RECORDS PROVIDED:

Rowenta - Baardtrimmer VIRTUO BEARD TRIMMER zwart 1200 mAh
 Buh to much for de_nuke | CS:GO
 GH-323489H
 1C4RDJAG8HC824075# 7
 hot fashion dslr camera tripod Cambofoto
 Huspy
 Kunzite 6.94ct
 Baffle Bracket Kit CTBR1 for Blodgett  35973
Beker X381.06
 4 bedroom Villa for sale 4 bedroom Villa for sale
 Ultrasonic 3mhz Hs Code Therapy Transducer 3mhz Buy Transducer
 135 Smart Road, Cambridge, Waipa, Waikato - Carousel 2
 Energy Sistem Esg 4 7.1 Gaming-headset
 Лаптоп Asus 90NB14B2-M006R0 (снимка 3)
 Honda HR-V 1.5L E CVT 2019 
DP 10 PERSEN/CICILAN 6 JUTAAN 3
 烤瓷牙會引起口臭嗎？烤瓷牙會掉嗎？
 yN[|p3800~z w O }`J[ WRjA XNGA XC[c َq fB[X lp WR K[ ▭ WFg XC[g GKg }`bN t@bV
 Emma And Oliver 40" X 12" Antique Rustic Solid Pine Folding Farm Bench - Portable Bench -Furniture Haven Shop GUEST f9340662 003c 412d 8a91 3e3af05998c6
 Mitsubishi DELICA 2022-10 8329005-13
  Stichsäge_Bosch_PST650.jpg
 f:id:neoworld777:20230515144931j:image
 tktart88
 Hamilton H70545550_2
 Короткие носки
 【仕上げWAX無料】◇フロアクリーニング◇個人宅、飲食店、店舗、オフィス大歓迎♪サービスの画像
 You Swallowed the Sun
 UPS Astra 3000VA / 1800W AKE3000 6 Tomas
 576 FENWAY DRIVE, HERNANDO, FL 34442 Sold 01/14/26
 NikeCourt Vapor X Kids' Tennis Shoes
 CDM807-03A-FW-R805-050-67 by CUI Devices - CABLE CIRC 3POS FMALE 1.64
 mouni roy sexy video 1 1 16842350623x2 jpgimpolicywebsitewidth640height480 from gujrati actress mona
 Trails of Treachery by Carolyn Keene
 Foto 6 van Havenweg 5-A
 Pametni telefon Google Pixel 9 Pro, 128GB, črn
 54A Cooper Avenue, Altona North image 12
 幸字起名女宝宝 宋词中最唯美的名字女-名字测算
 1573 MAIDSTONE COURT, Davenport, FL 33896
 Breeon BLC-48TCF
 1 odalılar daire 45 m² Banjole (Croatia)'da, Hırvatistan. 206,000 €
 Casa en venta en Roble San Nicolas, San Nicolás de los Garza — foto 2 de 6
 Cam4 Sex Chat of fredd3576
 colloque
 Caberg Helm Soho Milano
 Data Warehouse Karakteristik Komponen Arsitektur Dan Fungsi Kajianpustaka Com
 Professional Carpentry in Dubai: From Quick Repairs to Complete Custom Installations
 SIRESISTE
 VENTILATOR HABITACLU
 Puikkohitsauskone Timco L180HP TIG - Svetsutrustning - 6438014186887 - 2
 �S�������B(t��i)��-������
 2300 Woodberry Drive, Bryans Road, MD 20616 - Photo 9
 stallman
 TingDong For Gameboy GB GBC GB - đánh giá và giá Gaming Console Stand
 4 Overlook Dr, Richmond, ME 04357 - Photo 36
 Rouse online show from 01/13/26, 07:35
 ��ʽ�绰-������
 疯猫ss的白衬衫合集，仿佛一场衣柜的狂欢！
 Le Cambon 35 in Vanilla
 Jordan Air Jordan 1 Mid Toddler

TO DO:
For this exercise, output exactly the lines above from the line with "Buh to much for de_nuke | CS:GO" to the line with "Hamilton H70545550_2", counting both, and leave out the rest.

SOLUTION FOR THIS PROBLEM:
 Buh to much for de_nuke | CS:GO
 GH-323489H
 1C4RDJAG8HC824075# 7
 hot fashion dslr camera tripod Cambofoto
 Huspy
 Kunzite 6.94ct
 Baffle Bracket Kit CTBR1 for Blodgett  35973
Beker X381.06
 4 bedroom Villa for sale 4 bedroom Villa for sale
 Ultrasonic 3mhz Hs Code Therapy Transducer 3mhz Buy Transducer
 135 Smart Road, Cambridge, Waipa, Waikato - Carousel 2
 Energy Sistem Esg 4 7.1 Gaming-headset
 Лаптоп Asus 90NB14B2-M006R0 (снимка 3)
 Honda HR-V 1.5L E CVT 2019 
DP 10 PERSEN/CICILAN 6 JUTAAN 3
 烤瓷牙會引起口臭嗎？烤瓷牙會掉嗎？
 yN[|p3800~z w O }`J[ WRjA XNGA XC[c َq fB[X lp WR K[ ▭ WFg XC[g GKg }`bN t@bV
 Emma And Oliver 40" X 12" Antique Rustic Solid Pine Folding Farm Bench - Portable Bench -Furniture Haven Shop GUEST f9340662 003c 412d 8a91 3e3af05998c6
 Mitsubishi DELICA 2022-10 8329005-13
  Stichsäge_Bosch_PST650.jpg
 f:id:neoworld777:20230515144931j:image
 tktart88
 Hamilton H70545550_2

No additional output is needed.